EXERCISE:
From the first line to the last, retype the records exactly without their images.

**** SUPPLIED MATERIAL ****

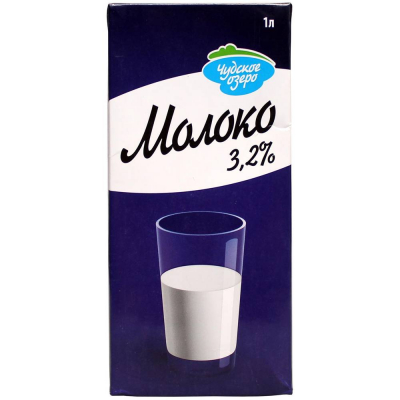 Молоко питьевое Чудское Озеро ультрапастеризованное 3,2 %
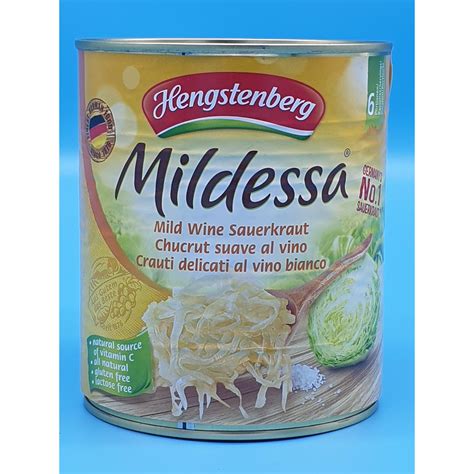 Hengstenberg Mildessa Wine Sauerkraut 810G European Grocery Store Hengstenberg Mildessa Wine Sauerkraut 810G European Grocery Store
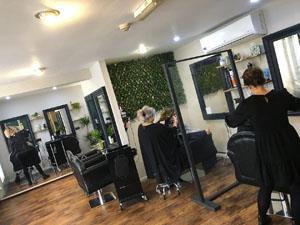 Inside Everybody Hair and Beauty in west Norfolk.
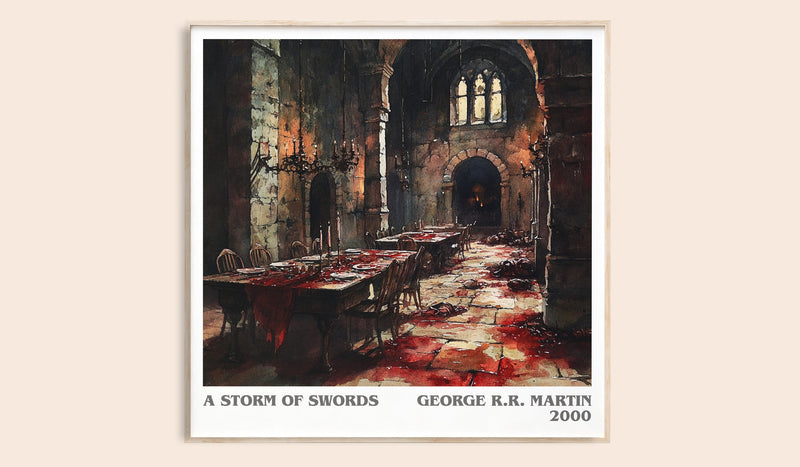 A Storm of Swords literary book poster by George R. R. Martin – framed literary art print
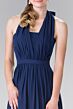 Elizabeth K GL2362 Ruched Top Tie Halter Maid of Honor Dress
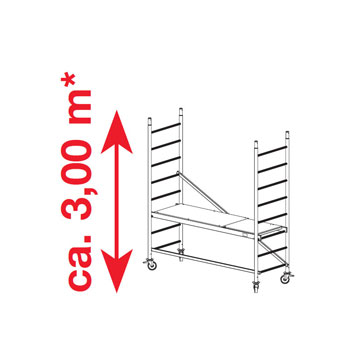 Krause aluminijumska pokretna skela ProTec 3m 940110-1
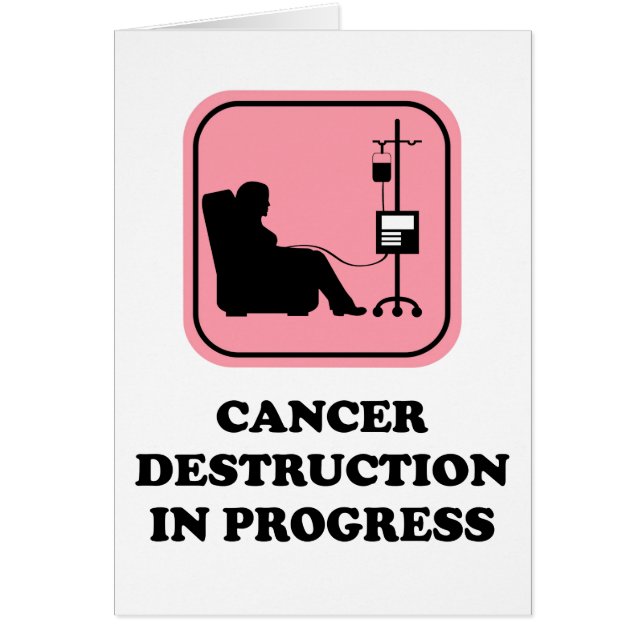 Carte en cours de destruction de Cancer avec le (Devant)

****

SOLUTION TO THIS PROBLEM:
 Молоко питьевое Чудское Озеро ультрапастеризованное 3,2 %
 Hengstenberg Mildessa Wine Sauerkraut 810G European Grocery Store Hengstenberg Mildessa Wine Sauerkraut 810G European Grocery Store
 Inside Everybody Hair and Beauty in west Norfolk.
 A Storm of Swords literary book poster by George R. R. Martin – framed literary art print
 Elizabeth K GL2362 Ruched Top Tie Halter Maid of Honor Dress
 Krause aluminijumska pokretna skela ProTec 3m 940110-1
 Carte en cours de destruction de Cancer avec le (Devant)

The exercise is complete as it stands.